Tom and Evan Leahy Band featuring Stas Venglevski
This week’s highlights include Milwaukee Chamber Theatre’s Young Playwrights Festival Showcase, which returns to Broadway Theatre Center’s Studio Theatre for an eighth year.
Young Playwrights Festival Showcase
Milwaukee Chamber Theatre will present its eighth Young Playwrights Festival Showcase this month, celebrating the winners of its local high-school playwriting competition. Each of the three winning plays will be presented at each performance. The new plays are Pinta El Fuego by Markia Silverman-Rodriguez (Pius XI High School); 1-800-123-BOYS by Jazmin Reyes (Reagan High School); and The Divine Komedy by Max Engel (also from Pius XI). This year’s presentation will also feature an afternoon of “Honorable Mention” staged readings from three runners-up.
MCT’s Young Playwrights Festival Showcase is the culminating event in a series of free playwriting workshops at several Milwaukee-area high schools. Ten plays are chosen each year from an annual competition that encourages students to write original one-act plays exploring themes, genres and relationships from their unique perspectives. (John Jahn)
Jan. 10-13 at the Broadway Theatre Center’s Studio Theatre, 158 N. Broadway. For tickets, call 414-291-7800 or visit milwaukeechambertheatre.com.
Cabaret Café Concert at Oconomowoc Arts Center
Father-and-son multi-instrumentalists Tom and Evan Leahy will be joined by accordion virtuoso Stas Venglevski for a program that draws from folk, Irish, Americana and bluegrass music. Tom and Evan are part of the long-running Irish folk band Leahy’s Luck, a band that has been performing for more than two decades. Venglevski, who emigrated to the U.S. in 1992 from the Republic of Moldova (formerly part of the U.S.S.R.), is widely considered a master of the bayan accordion.

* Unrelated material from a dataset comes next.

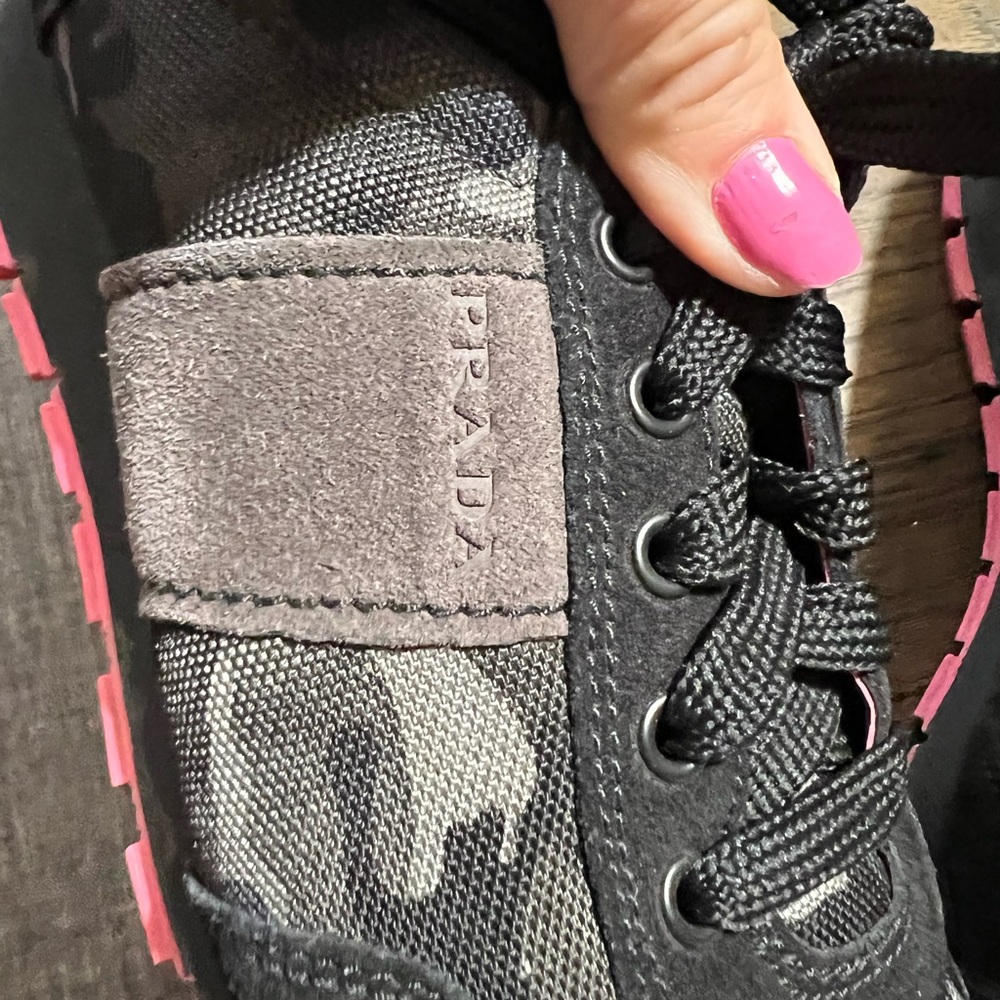 Prada sneakers size 39 - Picture 7 of 8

Venglevski has performed with symphony orchestras in Milwaukee, Chicago and Tacoma, Wash., and has released 18 albums. Attendees at this concert can expect to hear the songs of Bob Dylan, Johnny Cash, The Grateful Dead, Bruce Springsteen and Tom Petty, among others. (Blaine Schultz)
Jan. 11-12 at the Oconomowoc Arts Center, 641 E. Forest St., Oconomowoc. For tickets, call 262-560-3172 or visit oasd.k12.wi.us.
Things My Mother Taught Me
Olivia and Gabe are moving into their first apartment together; they’ve just completed a long road trip to their new home: Chicago. But moving in doesn’t go as planned, becoming especially unpredictable when all the parental units show up to help. Their furniture will not fit, the moving truck goes missing and their parents get into squabbles; what else can possibly go wrong?
The idea of “mother knows best” funnily gets flipped upside-down in this heartwarming rom-com. As playwright Katherine DiSavino (Nana’s Naughty Knickers) explains, Things My Mother Taught Me “takes a generational look at relationships and how sometimes parents are passing their best lessons on to their children without even meaning to.” Racine Theatre Guild’s production stars Norgie Metzinger as Gabe, Lindy Ross as Olivia and co-stars Larry Rowe, Emily Mueller, Frank Russ, Mary Kveton and Savannah Bishop. (John Jahn)
Jan. 11-27 at Racine Theatre Guild, 2519 Northwestern Ave., Racine. For tickets, call 262-633-4218 or visit racinetheatre.org.
SueMo’s Winter Dance Concert
Symbiosis can occur when different organisms live in close association. New creative relationships with several Milwaukee artists from different disciplines have given birth to Symbiosis, this season’s winter concert by the ever-evolving five-year-old contemporary dance company SueMo: A Dance Experience. A live performance by spoken-word poet Brooklyn Lloyd becomes the beating heart of a new dance. A performance by drummer Jacob Durbin inflames the nervous system of another premiere.
The main event, a premiere titled Imagery Portrayed, responds to personal and organizational growing pains. Filmmaker and photographer Heather Mrotek, SueMo’s creative director, worked closely with founding artistic director and choreographer Morgan Williams, the dancers and a team of lighting designers to create a multi-storied, multimedia work on the subject of creative development and change. “It’s about the death of things that hold us back,” Mrotek says. “It’s about being reborn in our art. It’s about hard work; the dancers work hard.” Williams compares it to beating the boss level in a video game and adds: “Once you’re through it, you can input the connections, you can share love, you can enrich the whole community and that’s all we want to do.” Seen in rehearsal, it’s very exciting. (John Schneider)
7:30 p.m. Jan. 12 and 3 p.m. Jan. 13 at the Marcus Center’s Wilson Theater at Vogel Hall, 929 N. Water St. For tickets, call 414-273-7206 or visit marcuscenter.org.